Let’s pretend for a minute that you’re an ice cream maker. Your job is to create delicious, interesting and unique flavors for the Yummy Ice Cream ice cream company. Of course the goal is to come up with something different, but it is also to keep your job, and that means to come up with a flavor that makes your company money, lots and lots of money.
The possibilities are endless. What about Roasted Eggplant ice cream or Beef Stew? Those are really, really different. Or you could try something like Black Raspberry Chocolate Cheesecake or maybe Strawberry Marscapone with Chunks of Sugar Cookie. Those are different, haven’t been done (or done much), but yet fall along the same lines as what is already popular in the ice cream world.
Writing a book, no, publishing a book, is not much different from making ice cream.

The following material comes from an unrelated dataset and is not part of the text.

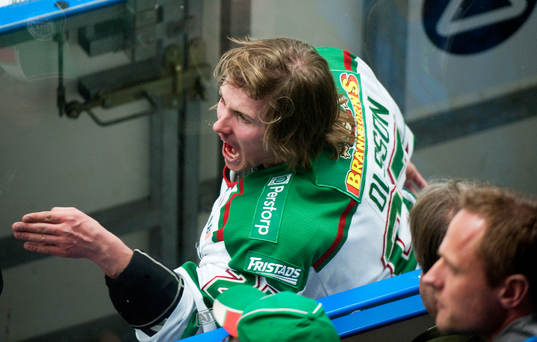 Simon Olsson, Rögle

It’s a business. I hear authors complain all the time that agents say we’re looking for something different when really we aren’t. We’re just looking for the same old thing. Well, folks. Here in the year of no complaints my response to you is boo-hoo. Blame the agents all you want, but the truth is we can only sell to publishers what readers want to buy, and let’s be honest, I doubt there’s anyone out there with a craving for Beef Stew Ice Cream.
We are looking for something different, and I truly believe that each book I sell is different. The voice is remarkable, the idea is unique, fun, interesting and saleable and the execution is wonderful. The question is how different is different. Different means you still have to appeal to readers. A book that the author labels as a mystery, romance, science fiction is not different, it’s ridiculous. In the same way Beef Stew Ice Cream is ridiculous. Who is going to read that? Where in the bookstore is that going to be placed? Who exactly is your audience? And who would ever crave beef stew ice cream? How would you order it? With hot fudge?
The other problem with different is that different to you is not necessarily different to me. I’m amazed sometimes by how truly under-read some of those who claim to be authors are. I think that as a publishing professional I will always feel under-read because there’s always more to read, but if you are making the decision to write books you need to know your competition and know how to make your book different from others. Your competition is not every single other book in the bookstore. It’s every single other book in the genre or section you’re writing in. Often I’m accused of not really wanting anything different, when the truth is that I don’t feel the book pitched to me was really all that different.
Different still has to make sense and it still has to make money. To make money you have to find an audience. We all do truly want different, but even different has to have its limitations.